Quel est donc alors le sens de l’affirmation du maître de Troyes quand il ajoute à la fin de son commentaire : « Le Talmud s’interroge pourtant sur le sens à donner à cette Michna : à quoi correspond le fait de jeter [l’eau de] la carafe ? Au fait [de ne pas accomplir la mitsva] de s’asseoir dans la Soucca ou à la chute des pluies ? » Qu’est-ce qui l’a fait opter pour faire dépendre le fait de jeter [l’eau de] la carafe du fait de s’asseoir dans la Soucca ?
Afin de répondre à ces questions, on posera l’hypothèse suivante : il n’est pas sûr que Rachi soit du même avis que le Maharcha sur un point qui semble pourtant aller de soi, lorsque ce dernier affirme : « les pluies ne viennent que du ciel seulement ». Car, ce que la fête de Souccot nous montre, c’est précisément l’idée que les pluies sont le résultat d’une avoda de l’homme. Ainsi que l’enseigne le Traité talmudique Roch haChana (p.16/a et 16/b) : lors de la fête de Souccot, ce sont les eaux de pluie qui sont jugées. Or, ce jugement est contemporain des libations d’eau – nissoukhé haMaïm – qui étaient effectuées au Temple à l’occasion des sacrifices de Souccot (cf. Bamidbar 29, 12-32 ; et surtout Rachi sur le verset 18, qui montre comment nos Sages ont déduit de l’Ecriture le commandement exceptionnel de ces libations d’eaux pendant les fêtes de Souccot).
Afin d’approcher un tant soit peu le sens de ces libations, il convient de s’arrêter sur ce qu’en dit Rabbénou Ba’hya dans son commentaire de la Torah (Vayikra 3, 13) : « Une alliance a été passée avec le sel lors des six jours de la Création. Il fut promis aux eaux inférieures (maïm ta’htonim) qu’elles seraient sacrifiées avec le sel et lors des libations d’eau de Souccot. Ainsi le Midrach enseigne que les eaux inférieures s’appellent des « eaux qui pleurent » (maïm bokhim).
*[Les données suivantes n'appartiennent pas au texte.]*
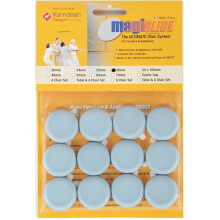 MagiGlide 12 x 30mm The Ultimate Glide System For Furniture Gliders Movers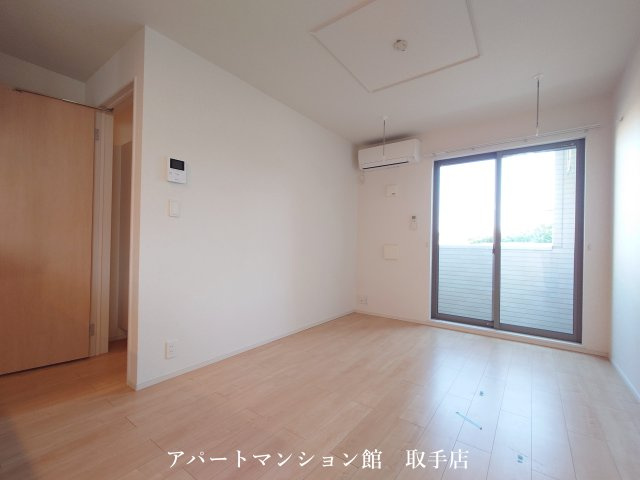 コージーレジデンスⅡの寝室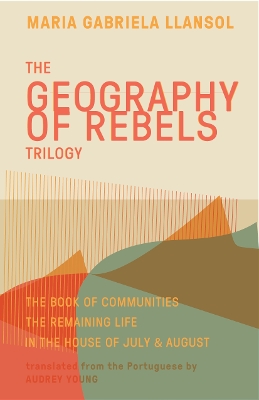 Geography of Rebels Trilogy book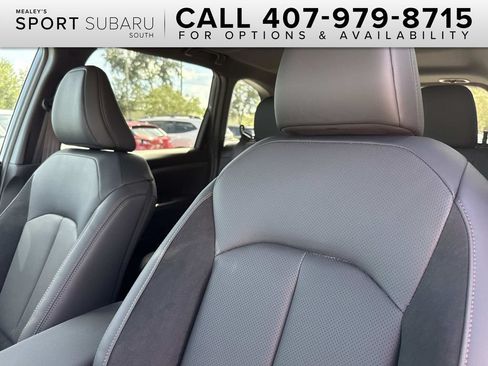 New 2026 Subaru Forester Touring AWD/4WD image 26
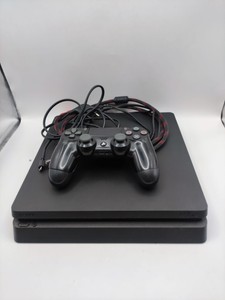 Б/в Ігрова приставка Sony playstation 4 slim 500gb 01-201098503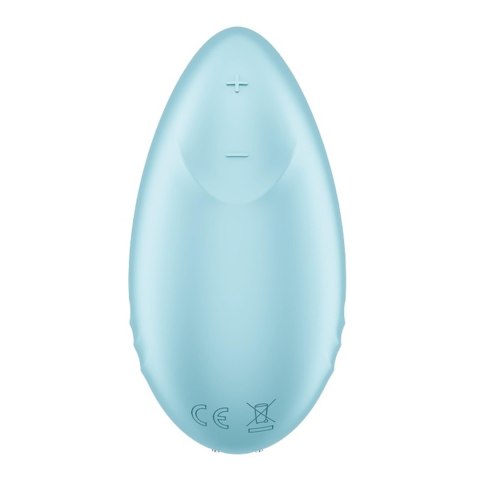 Satisfyer wibrator Tropical Tip light blue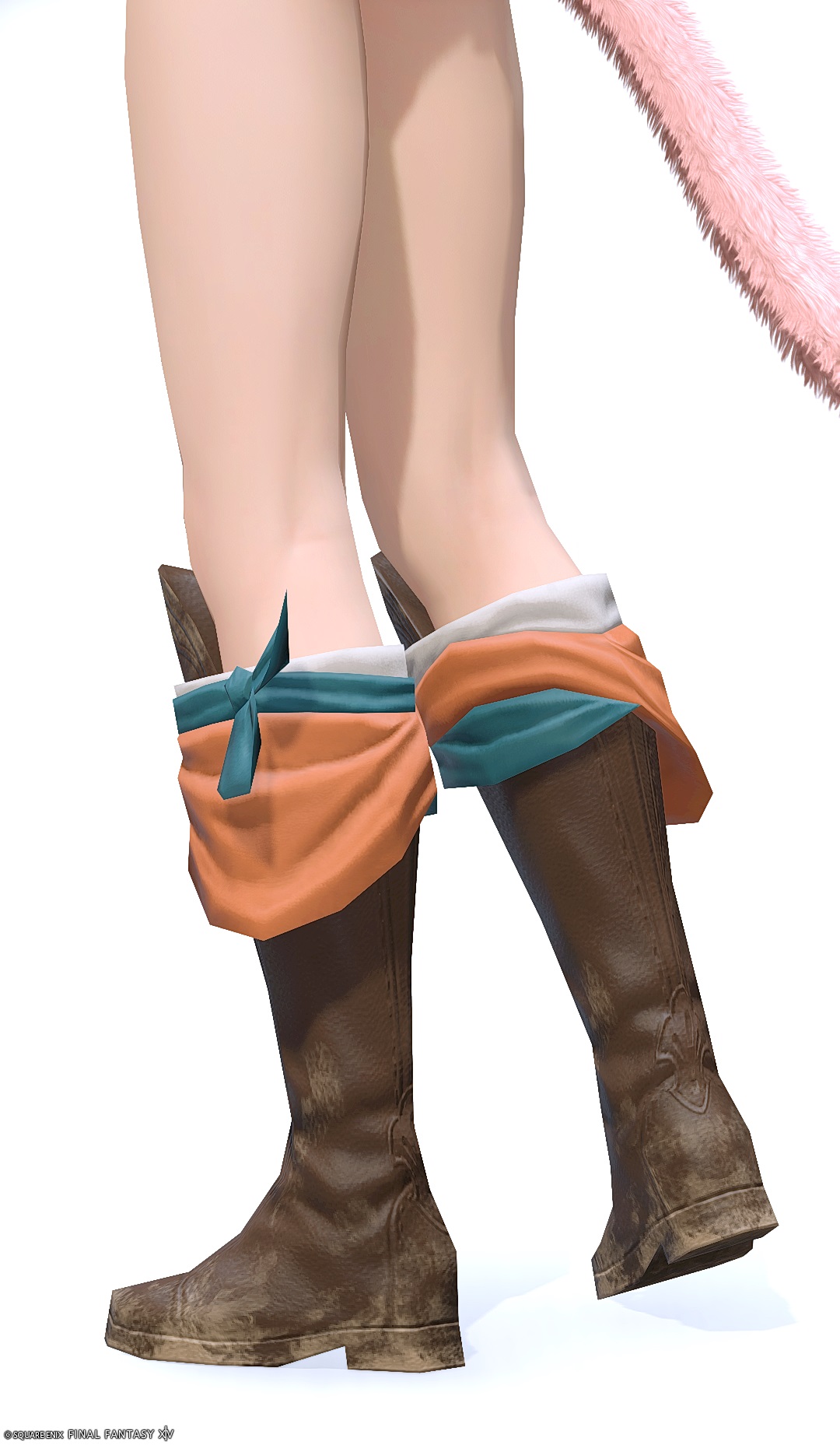 フィールドキープジャックブーツRE | FF14ミラプリ - Augmented Fieldkeep's Jackboots - ブーツ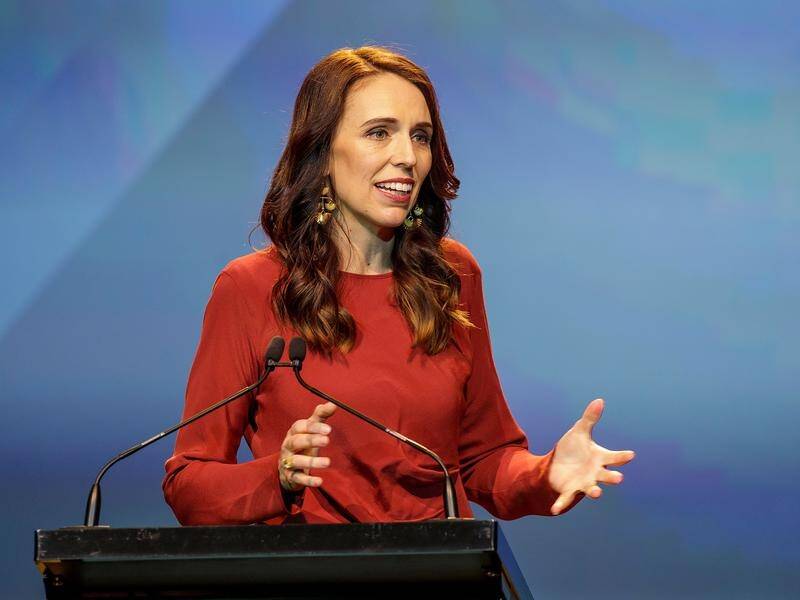 NZ Prime Minister Jacinda Ardern has confirmed the signing of an expanded trade deal with China.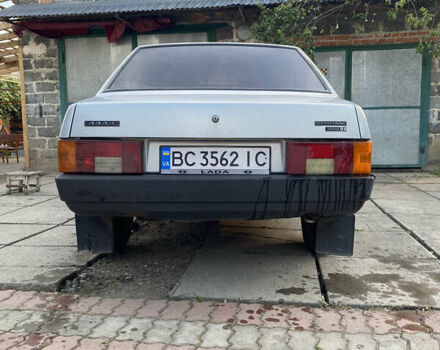 Сірий ВАЗ 21099, об'ємом двигуна 1.5 л та пробігом 128 тис. км за 2300 $, фото 10 на Automoto.ua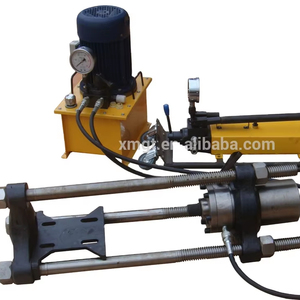 Presse à goupilles de chenilles hydraulique portable OEM, machine de pressage de goupilles de chaînes de chenilles hydraulique portable à vendre 100T 150T 200T - Product Image 1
Car, lorsque le Saint béni soit-Il a séparé les eaux [comme il est dit : « Que la voûte céleste (rakia) prenne place au milieu des eaux et qu’elle sépare les eaux, les unes des autres. « Et D.ieu fit la voûte céleste, et Il sépara entre les eaux qui sont au-dessous de la voûte céleste et les eaux qui se trouvent au-dessus de la voûte céleste, et il en fut ainsi » (Béréchit 1, 6-7), Ndlr.], Il plaça celles-ci en haut, et celles-là en bas. Les eaux inférieures se mirent alors à pleurer, comme il est dit : « Des pleurs [émanant] des rivières, le pansement » (Job 28, 11). Ce que rabbi Aba interprète de la sorte : C’est dans les pleurs que les eaux inférieures se sont séparées des eaux supérieures. Elles s’exclamèrent : « Malheur à nous qui nous avons pas eu le mérite de monter dans le firmament afin de nous tenir à proximité de notre Créateur ! ». Que firent-elles alors ? Elles levèrent la tête, soulevant les abîmes afin de s’élever jusqu’au Ciel. Jusqu’à ce que l’Eternel se fâche, comme il est dit : « Celui qui trace un chemin dans la mer, une route à travers les eaux impétueuses » (Isaïe 43, 16), ou encore : « Il menace la mer et l’assèche, Il fait tarir tous les fleuves » (Na’houm 1, 4). Puis D.ieu dit : « Puisque vous vous êtes comportées de cette manière en mon honneur, les eaux supérieures n’auront pas la possibilité d’entamer un chant d’allégresse (chira) avant de vous en demander la permission, comme il est écrit : « Voici les grondements des eaux tumultueuses et terribles, ceux des fracas de la mer » (Psaumes 93, 3). Et que disent-elles ? « Le Nom est redoutable dans les Cieux » (Idem.). Mais ce n’est pas tout : dans le futur, vous serez sacrifiées sur l’autel avec le sel et lors des libations d’eau » ».
D’où vient la pluie ?
Les libations d’eaux effectuées pendant la fête de Souccot ont donc pour but de relier le monde d’en bas aux réalités supérieures. Et tel est le sens fondamental de la pluie dont nous commençons à souhaiter la venue juste à la sortie de la fête. Car, bien que les pluies « viennent du ciel », comme le souligne le Maharcha, force est de reconnaître que le propre de la fête de Souccot c’est bien de mériter ces pluies par le biais d’une œuvre (avoda) qui démarre d’en bas (voir Ari zal, Likouté Torah, paracha Chémot). Rappelons en effet ce commentaire de Rachi sur le verset : « D.ieu n’avait pas encore fait pleuvoir sur terre, et il n’y avait pas d’homme pour travailler la terre » (Béréchit 2, 5). « Ce n’est que lorsque l’homme fit son apparition – ayant pris conscience que les pluies étaient nécessaires au monde, il pria effectivement pour elles – que les pluies tombèrent et que se développèrent les arbres et les végétaux ». Car, à la différence des autres réalités naturelles qui relèvent pour ainsi dire d’une loi intangible, la pluie dépend de la avoda de l’homme, de son service, de sa prière. Elle est le révélateur de la place centrale qu’il occupe au milieu de l’univers. Les eaux de pluie sont donc, par essence, le résultat d’une action humaine, celle de notre volonté de dévoiler dans la nature la dimension métaphysique de notre présence au monde ; une dimension qui se révèle tout particulièrement pendant la fête de Souccot.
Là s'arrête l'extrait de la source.